Change in a Stability-Driven Industry
In the eDiscovery industry, resistance to change is often rooted in experience. Defensible processes exist because something once failed—and no one wants to repeat that risk. When the stakes are high and data integrity is non negotiable, change is approached cautiously, with innovation weighed carefully against the controls clients rely on.
In this context, change can feel destabilizing. Resistance rarely stems from stubbornness. It stems from uncertainty. Two questions underlie most hesitation:
- Why is this change necessary?
- How will it affect my work?
Effective product leaders anticipate these concerns before rollout. They communicate the “why” clearly. They outline impact specifically — by department, by role, by workflow.
Designing Systems That Work for People—Not Against Them
One subtle but powerful shift in change management is this: Technology improvements should be framed as process enhancements, not individual corrections. In regulated, adversarial environments, adoption and defensibility are not competing goals—consistent, trusted usage can sustain defensible outcomes over time.
When change feels personal, it triggers defensiveness. When it lives within the system — positioned as structural improvement — it becomes collaborative.
Inclusion further diffuses resistance. Inclusion doesn’t mean consensus on every decision—it means meaningful input before paths harden. Inviting teams into user acceptance testing, workflow validation, or training programs creates ownership. Even small contributions transform change from something imposed to something co-created.
People support what they help shape—especially when they can see their input reflected in the outcome.
Adoption Starts with Trust
When adoption slows—such as teams reverting to manual workflows during peak deadlines—that signal is rarely about resistance. It’s about trust under pressure. In practice, trust is layered—confidence in accuracy, predictability in process, and belief that change is being made with care. Adoption is as much a narrative as it is operational, and what happens after launch matters as much as what comes before. For product leaders, this reframes success: not whether a capability was released, but whether teams can confidently rely on it when it matters.
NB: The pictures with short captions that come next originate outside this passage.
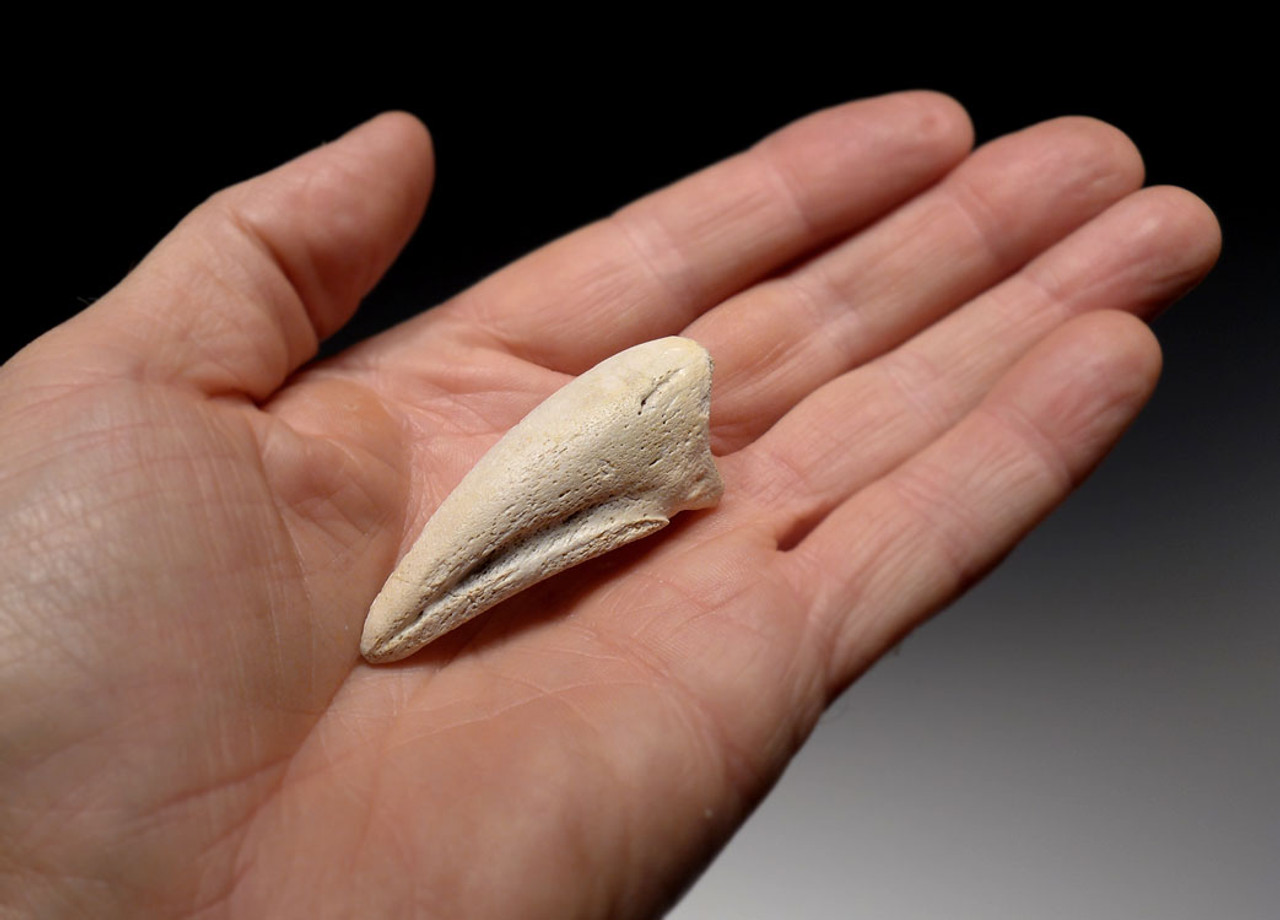 DCX006 - PERFECT COMPLETE SPINOSAURUS DINOSAUR TOE CLAW IN RARE WHITE COLOR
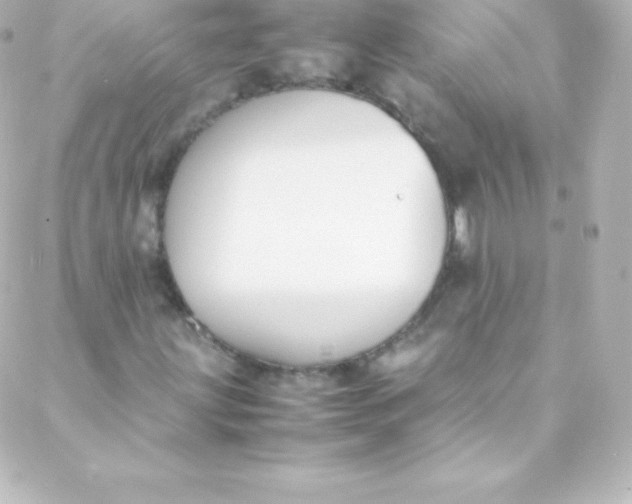 X0000088151203200705291414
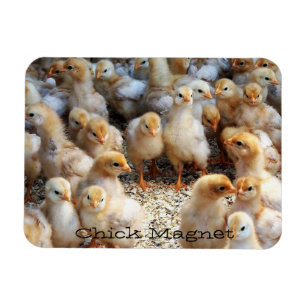 Refrigerator Magnet Chick Magnet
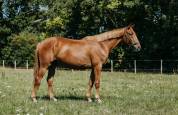 Anglo arabe de 2 ans origine CCE 5*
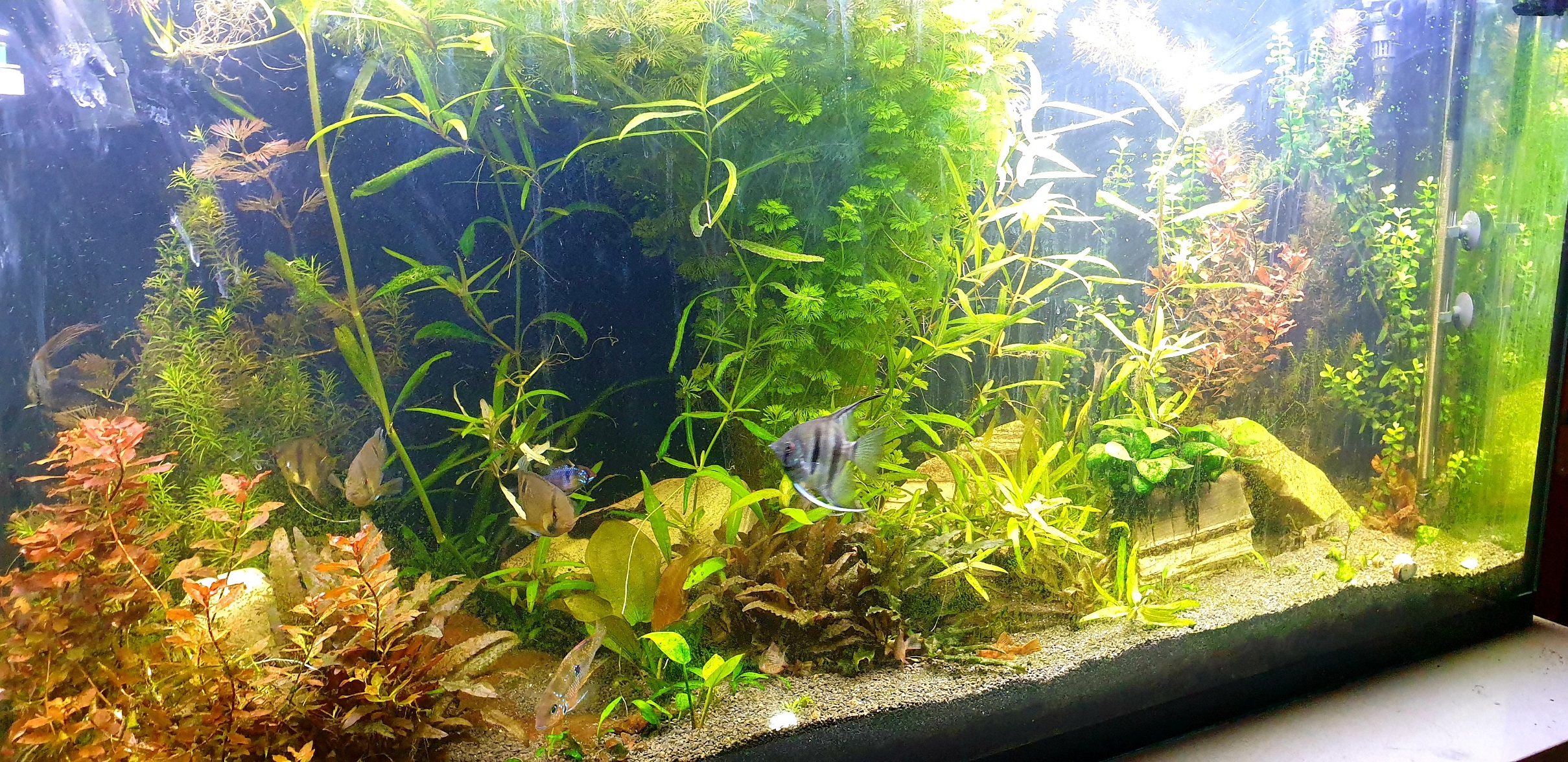 Mi Acuario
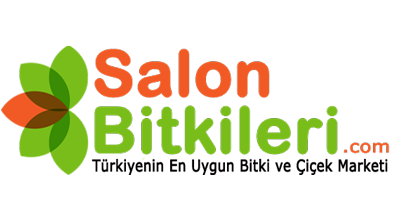 Salonbitkileri.com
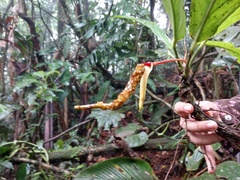 Anthurium wedelianum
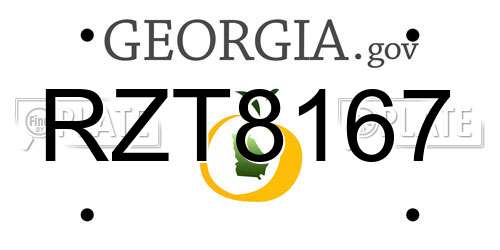 RZT8167 Georgia License Plate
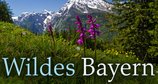 Wildes Bayern – Bild: SWR/BR/nautilusfilm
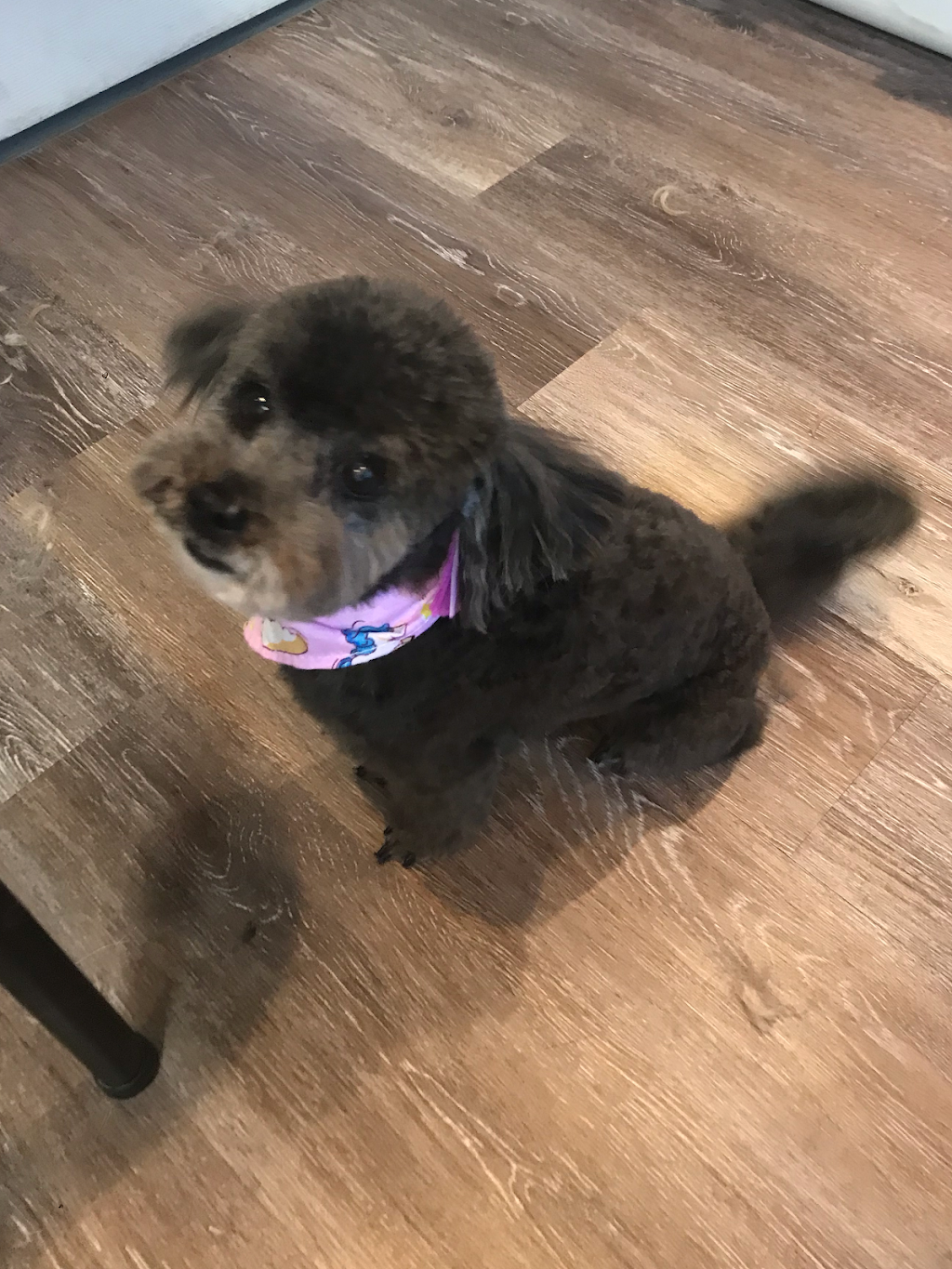 Tip-Top Tailz Pet Spa | 3928 Claxton Loop SW, Edmonton, AB T6W 1Y6, Canada | Phone: (780) 880-9864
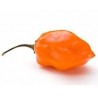 Pianta di Peperone Piccante Habanero Orange (Vaso 10 cm)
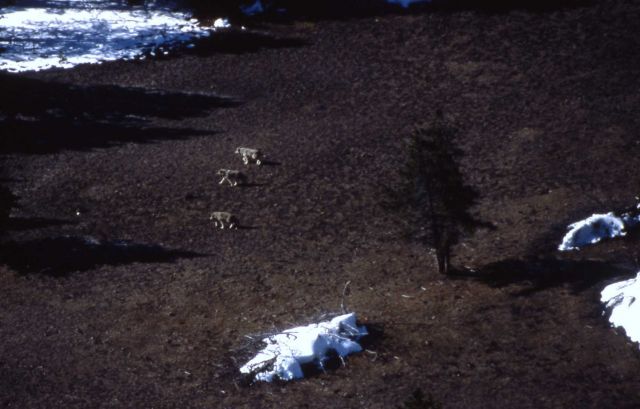 Aerial of the Nez Perce wolf pack Picture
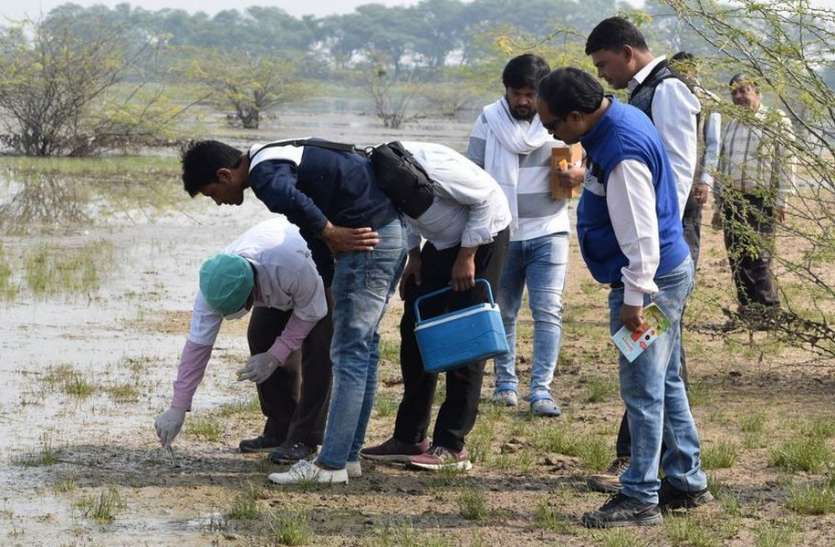 बार हेडेड गूज की मौत से सकते में वन विभाग बार हेडेड गूज की मौत से सकते में वन विभाग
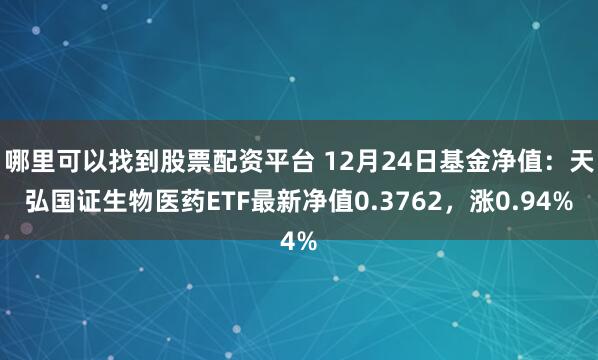 哪里可以找到股票配资平台 12月24日基金净值：天弘国证生物医药ETF最新净值0.3762，涨0.94%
I’ve had the opportunity in my own position at Purpose Legal to see teams successfully adopt new workflow automation technology—and to help build momentum through periods of uncertainty, particularly when leadership sets realistic expectations during transition. This is product management—not just releasing features, but building trust in the technology, the process, and the care behind change. In high-stakes environments, that trust isn’t optional—it’s foundational.